In making this proposal, Habazi was adding his voice to those in the United States Congress who have introduced a resolution calling on the International Olympic Committee not to hold the games in Sochi because of Moscow’s military actions in Georgia, a resolution that is slated to be voted on later this month.
Commenting on this Georgian parliamentarian’s suggestion, Sobkorr.ru’s Igor Gladysh says that “one can certainly understand the logic” behind it and even find certain “historical justifications” for Georgia’s claim as well as for a variety of other claims that countries might lodge against the Russian Federation – or other states.
“In almost the entire territory of the present-day Russian Federation there lived in former times peoples who did not have any relationship to the Slavs,” he writes. And “even the basin of the Moscow river was a place where Finno-Ugric tribes lived,” something which Gladysh noted, he himself “had more than once had the occasion” to comment upon.
And he noted that others have picked up this theme as well. On this week’s “Vesti nedeli” television program, Dmitry Kiselyev went so far as to cite communism’s founding father, Karl Marx, as having “expressed doubt in the very fact of the existence of the Russian nation as such.”
But -- and this is Gladysh’s main point -- “the majority of major powers of the world find themselves in an analogous situation,” on in which many other countries or peoples “might advance similar claims,” something most do not do because they know similar claims could be advanced against them and because they can be confident that almost no one will support them.

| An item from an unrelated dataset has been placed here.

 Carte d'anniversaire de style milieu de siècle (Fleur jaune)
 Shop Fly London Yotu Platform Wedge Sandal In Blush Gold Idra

Nonetheless, Russia’s recognition of Abkhazia and South Ossetia and widespread predictions that it will ultimately absorb the latter if not the former call attention to three things that the international community has largely ignored or even flatly denied. First, border changes among the Soviet republics before 1991 were not rare – there were more than 200 of them.

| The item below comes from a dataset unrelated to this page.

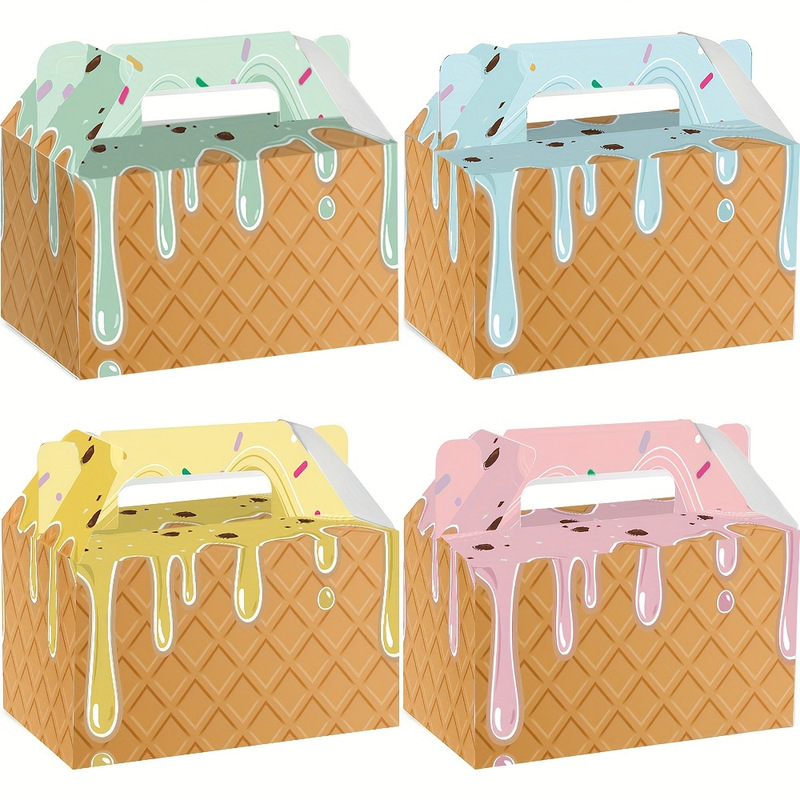 Ready-Made Macaron-Colored Ice Cream Tote Box Wedding Party Favor Packaging Box Candy Box Gift Box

Second, there have been territorial changes among the post-Soviet states since that time, most recently between Kazakhstan and Kyrgyzstan, which sparked protests in the latter, and between Kazakhstan and the Russian Federation, which has been managed relatively calmly over the last month (www.easttime.ru/news/1/3/708.html).
And third, because of this history and because of its implications for the future of the former Soviet republics and even their survival, Russia’s latest moves have renewed discussions in many of them about the way in which tsarist and Soviet officials changed borders in order to control them. (See, for example, www.ethnoglobus.com/?page=full&id=355).
There is a fourth aspect of this situation but it is not truly political: That is the shifting of the borders of economic or religious groups as the result of political border changes. Among the most contentious of these at present are possible changes in the borders of the canonical territory of various Orthodox churches (www.vremya.ru/2008/159/51/211564.html).
Russia’s actions in Georgia thus entail yet another threat to stability: By suggesting that borders are in play and that they can be changed by military action rather than negotiation, Moscow has exacerbated national feelings among both Russians who see this as a step toward rebuilding the empire and non-Russians who fear that is exactly what Moscow intends.
And those feelings are going to play a significant role in the lives of all the countries of Eurasia, even if at the end of the day, the borders remain where they have been, because by casting doubt on that, the Russian government has not only snubbed its nose at the international system but raised a question the answer to which always cuts more than one way.